We once had a flashlight made with the dragonlance invention table. It malfunctioned and turned a large field into glass... we assume it was fusion powered.
Dragonlance was a wonderful example of a literary world, where folks tolerate each other for the simple reason that the books need those characters as comic relief or tension breakers, et cetera. They can work in some games of D&D, but Dragonlance as a campaign was geared towards a very specific kind of campaign. Greyhawk, FR, Eberron, they were broader based and better able to handle varying archetypes. Greyhawk with classic gnomes, FR with some tinkerish gnomes and some less detailed gnomes, Eberron with information brokers, but you could still make whatever type of gnome (or other character) you wanted.
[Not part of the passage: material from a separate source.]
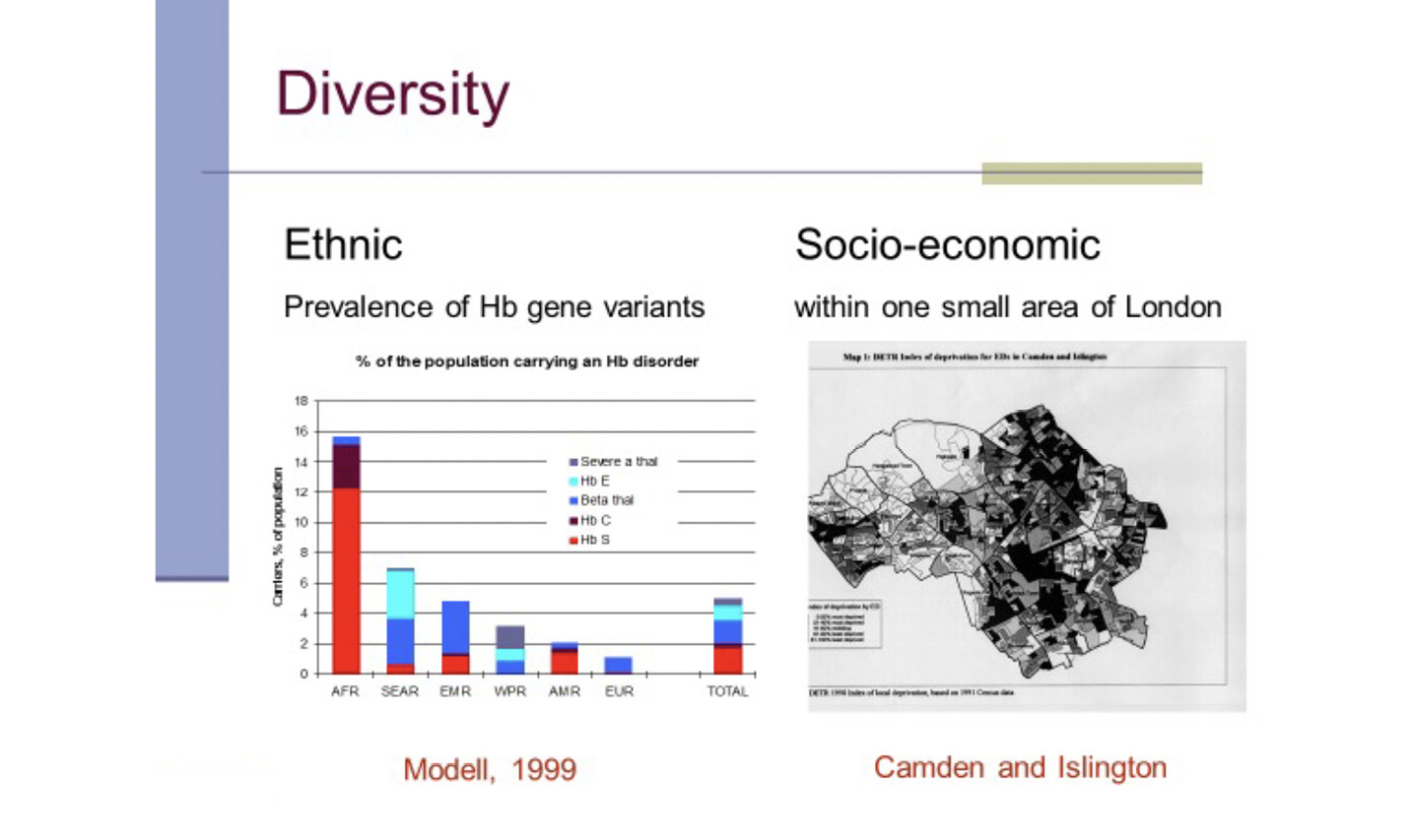 A presentation slide on diversity. Ethnic: Prevalence of Hb gene variants - demonstrated by a graph entitled “% of the population carrying a Hb disorder”, which compares “Carriers, % of population” and the location (Modell, 1999). Socio-economic: within one small area of London - illustrated by a colour-coded map of Camden and Islington (of London).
And really, dwarves are nearly always the same no matter what D&D setting they're in. But then the typical dwarf doesn't need work, it's successful, it's popular and people actually want to play it.
Though from reading ENworld, my campaigns seem a minority, for me dwarves have always been the least played race. And even then, when someone played a dwarf they always played that same "dwarf:. Elves had variety, gnomes, halflings, humans... but dwarf is dwarf.
(Very few half-orcs also, but I'm talking over the course of 3 editions, and they were absent for part of that. The 3e half-orc was also hard to break mold with though.)
Part of why I don't like the new dragonborn is because they are constrained by a given culture without a reason I like. Sure you can ignore it, but I don't like depicting a race with a personality.